Records to process:
-- Opening Marker --

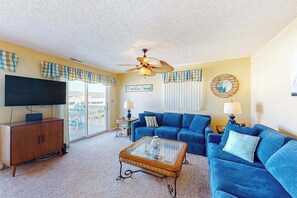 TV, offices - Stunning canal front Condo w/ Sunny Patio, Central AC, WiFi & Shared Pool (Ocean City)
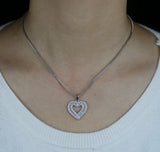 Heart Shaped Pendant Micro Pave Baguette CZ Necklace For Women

-- Closing Marker --
-- Opening Marker --

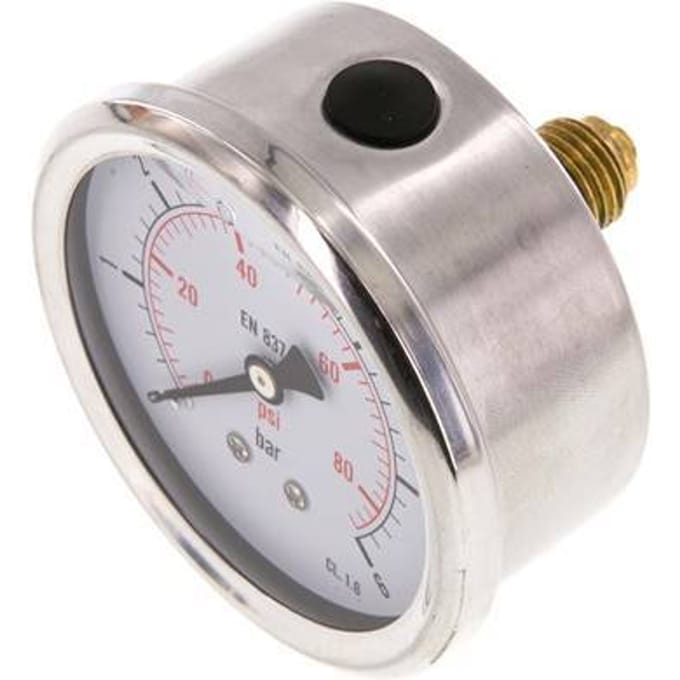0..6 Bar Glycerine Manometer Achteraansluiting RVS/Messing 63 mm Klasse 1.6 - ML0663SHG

-- Closing Marker --
-- Opening Marker --

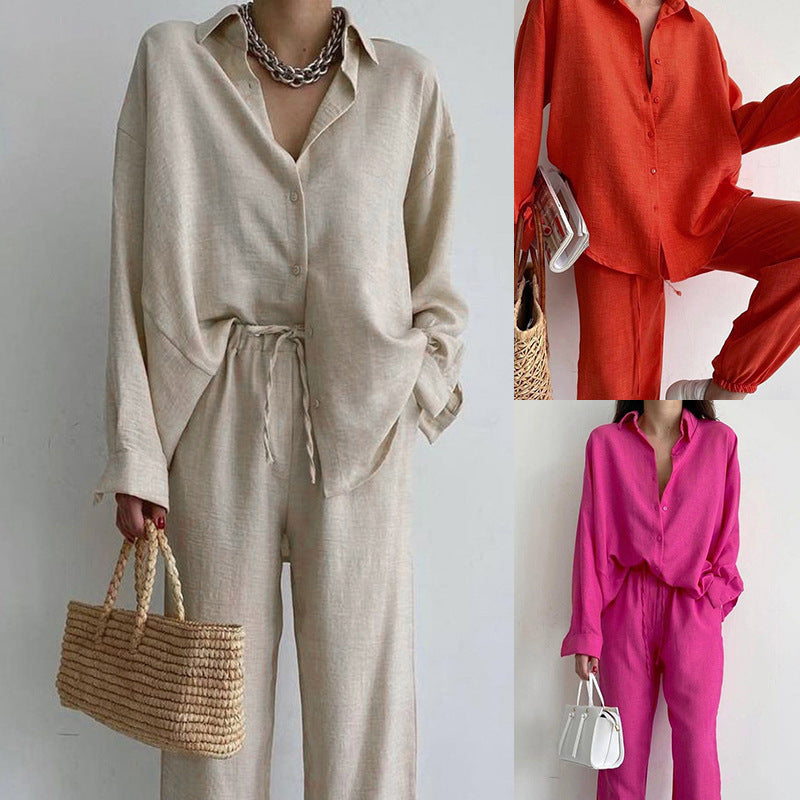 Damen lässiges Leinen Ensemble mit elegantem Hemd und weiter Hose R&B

-- Closing Marker --

What needs to be done: In the entries above, find the line with "TV, offices - Stunning" and the line with "Heart Shaped Pendant". Return exactly those lines and all the ones between them, pictures excluded.

Response:
 TV, offices - Stunning canal front Condo w/ Sunny Patio, Central AC, WiFi & Shared Pool (Ocean City)
 Heart Shaped Pendant Micro Pave Baguette CZ Necklace For Women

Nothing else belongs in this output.